In this article we explore the motional effects of spontaneous emission for an excited, harmonically trapped quantum emitter both within and beyond the LD regime. Optical decay into the modes of a bidirectional waveguide couples the emitter's motional state to the outgoing photon. In the long-time limit all the light escapes away along the waveguide, and the emitter relaxes to its electronic ground state. However, during the emission process the motional state is disturbed indefinitely. In the long-time limit entanglement between the motion and the outgoing photonic field produces reduced motional states that are often highly mixed and lack nonclassical features. We examine this pedagogical case in section 2. We then explore two alternate physical architectures where the reduced motional state can become highly nonclassical. In section 3 we consider an emitter next to a perfect mirror embedded in the waveguide. Including the motional coupling significantly modifies the well-known inhibition of decay due to interference from the field reflected off the mirror. We find that this effect can be used to generate pure single-excitation Fock states of motion. The second physical architecture involves coupling the harmonically trapped emitter to the circulating modes of a toroidal optical cavity, which is symmetrically coupled to left- and right-propagating modes in the waveguide. This architecture has been experimentally realized with tapered optical nanofibers by Rauschenbeutel and co-workers who have demonstrated a variety of effects including strong coupling [26], optical switching [27], and optical isolation [28]. To date the effects of recoil on the trapped emitter have not been experimentally investigated. We explore this architecture in section 4, and identify a parameter regime in which the reduced motional state is both highly entangled with the emitted photonic field and also individually nonclassical.
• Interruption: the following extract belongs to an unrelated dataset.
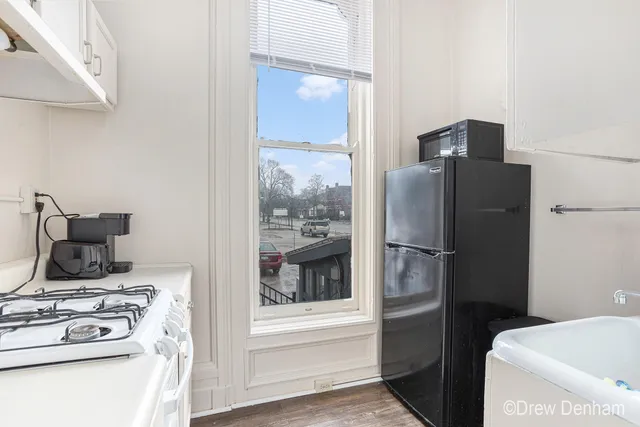 $819,900 | 701 Center Avenue, Bay City, MI 48708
We are interested in discovering whether the final motional states of the emitter are nonclassical for a number of reasons. Firstly, from the fundamental point of view there is long standing interest in the generation of Schrödinger cat-like quantum states, yet very few experimental demonstrations have been exhibited. Secondly, researchers have previously proposed using continuous variables, (such as the position and momentum quadrature of an atom or light mode) [29, 30], for quantum computation and researchers have proposed to use the vibration of atoms for quantum computation [31, 32].

For each physical scenario a quantum system couples to a bidirectional waveguide that supports a continuum of modes for each propagation direction. These modes behave as an electromagnetic reservoir into which system excitations can decay. This open-systems description of light–matter interactions is conveniently treated within the context of input–output theory [33]. We consider the case where there are no initial optical fields present and there are no intrinsic losses, i.e. the combined motional/optical system evolves unitarily. Then, tracing over the two waveguide channels gives the dynamics of the reduced quantum system in terms of a Markov master equation

$$\begin{eqnarray}&&\displaystyle \frac{{\rm{d}}}{{\rm{d}}{t}}\hat{\rho }=-{\rm{i}}[{\hat{H}}_{\mathrm{sys}},\hat{\rho }]+\displaystyle \sum _{i={\ell },r}{\hat{L}}_{i}\hat{\rho }{\hat{L}}_{i}^{\dagger }-\displaystyle \frac{1}{2}{\hat{L}}_{i}^{\dagger }{\hat{L}}_{i}\hat{\rho }-\displaystyle \frac{1}{2}\hat{\rho }{\hat{L}}_{i}^{\dagger }{\hat{L}}_{i},\end{eqnarray} \tag{ 1 }$$

where the subscripts {ℓ, r} refer to the left- and right-propagating waveguide modes, respectively. The time evolution proceeds according to a system Hamiltonian ${\hat{H}}_{\mathrm{sys}}$ and two jump operators ${\hat{L}}_{i}$, one for each propagating mode. The jump operators describe the coupling of the quantum system to the left- and right-propagating modes. For each of the physical scenarios below we solve the master equation numerically for the system state $\hat{\rho }(t)$ and then trace out additional system degrees of freedom to find the reduced state of the motion, ${\hat{\rho }}_{m}(t)={\mathrm{Tr}}_{{{ \mathcal H }}_{0}}[\hat{\rho }(t)]$, where ${{ \mathcal H }}_{0}$ is the Hilbert space of all other system degrees of freedom.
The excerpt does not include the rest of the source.